Tuesday 22 April 2014

The Gospel According To George (Satire)

And lo, it was decreed in the year of our lady 31AM that Dave did become leader of the Great British ship of state. And Dave did decree that it was in the wishes of our Lord to trim this ship, throwing aside valuable planks and sails to his friends on other, private ships. Around this time did Dave say unto his assembled disciples, all men who were his oldest and dearest chums. We have brought upon this land a big society, a society in which all who lived in leafy southern villages should help one another and thus charity would logically flow to those poor and needy.

But Dave, said Eric, his trusted advisor, does this mean that we should be in the practice of all donating our wealth, as in the book of charity. No, spake Dave, for it is no compulsory practice but a voluntary one that should be encouraged to be all in this together. It is not born of greed, but a good, honest compassion for our fellow man in the village. Surely, piped up the squeaky voice, of Ed, who had not been invited and was heard by none, this is just a policy designed to get the government to do less and less. Wouldn't it be good, drawled Mike, Dave's former confidante, if we could take this giving and apply it across all of the land, collectively organised and then distributed to all. Don't be ridiculous, get back to thine bench, spaketh Dave.

With his grand plan to do nothing in place, thus Dave entered the temple and overturned the tables of the money lenders. Hence, they all guffawed about it, for it was as it had been in the misty eyed days in the club of Bullingdon. They all slapped some money down and decided that they should take their money and store it in heaven, where the rates of tax were far less, although they would continue reside here in Dave's Kingdom. Thus Dave continued to cut the wind to the sails and the sails themself on his ship of state and turn abroad. In good christian fashion he saw the suffering of those across the world and boldly elected to do nothing, as it is decreed that thou shalt love thy neighbour, so long as he has money and influence.

And then, Dave spaketh, I shall tell ye all the story of the good illegal immigrant. 'A man was travelling on the road from Basingstoke to Guildford when he was robbed, beaten and his fine watch taken from his wrist. First rode by a noble man in his Bentley, but he was polluting and so did not have time to help. Then rode by a lowly brick layer, but he had been the product of new labour and was already in a mess. Finally rode by a poor illegal immigrant from the lands east of Germania but west of Russia.' What, exclaimed Nick, Dave's faithful lapdog, did the immigrant then help the man, thus showing the common good of the lowest.

No, replied Dave, for the immigrant was promptly reported through the dying man's last breath, as any honest citizen would do, and thus the noble lady Theresa did escort the immigrant away.
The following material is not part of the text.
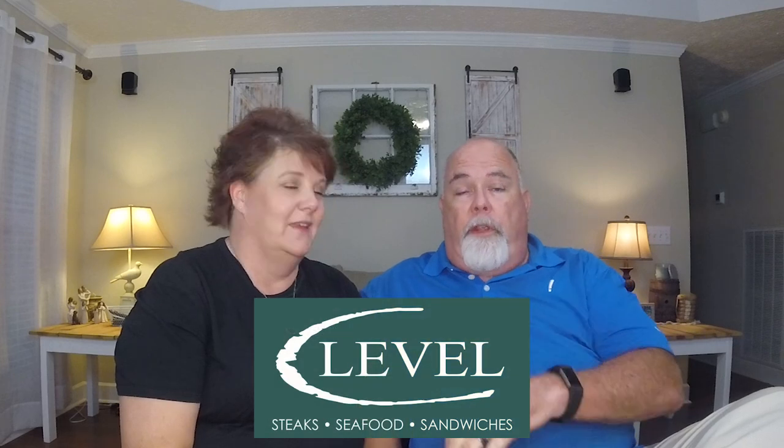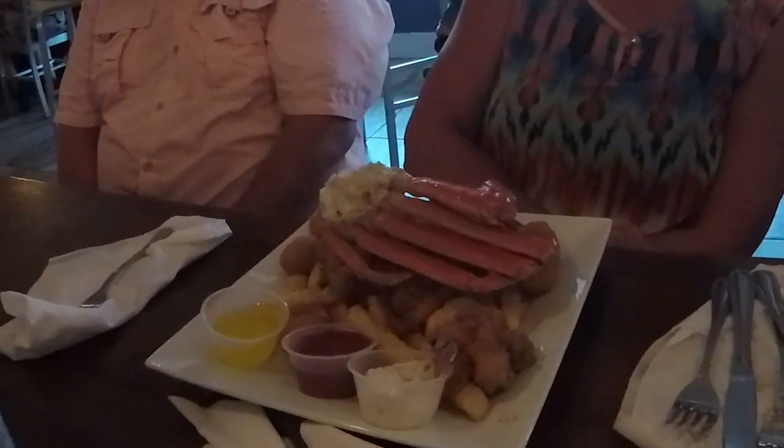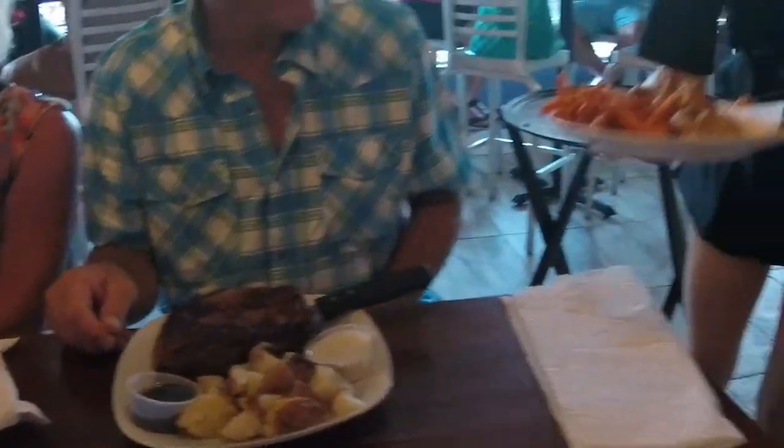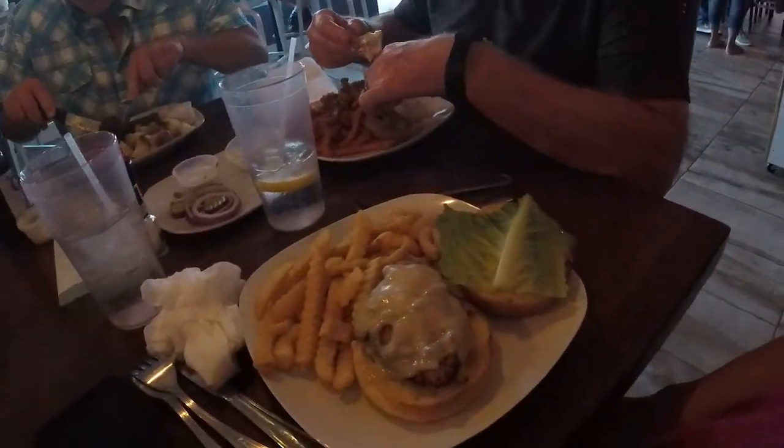We got finished at the beach, headed back, got ready, and then went to dinner at a place called C-Level — spelled C, not S-E-A. I thought it was 'Sea Level' until we got there. They have seafood, of course, being on the beach, but they also have steak and chicken, and they do blackened fish, beef, and chicken on Friday and Saturday nights. It was really, really good. I highly recommend it if you're down in Panama City.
And so the small, racist contingent of the assembled crowd guffawed loudly before moving on to Espania for their retirement.  Thus did Dave continue to mediate the land, feeding the 5,000 with his banks of food, so long as they had correct documentation, healing the sick and disabled by getting them to stand on their own two feet and all the while his 17 chums yelled loudly in the house.

But it was foretold that Dave would be hung up and crucified in the year 36AM and three days later would rise again in the form of a flaxen headed leader, who would be called Boris. His gospel is not yet written.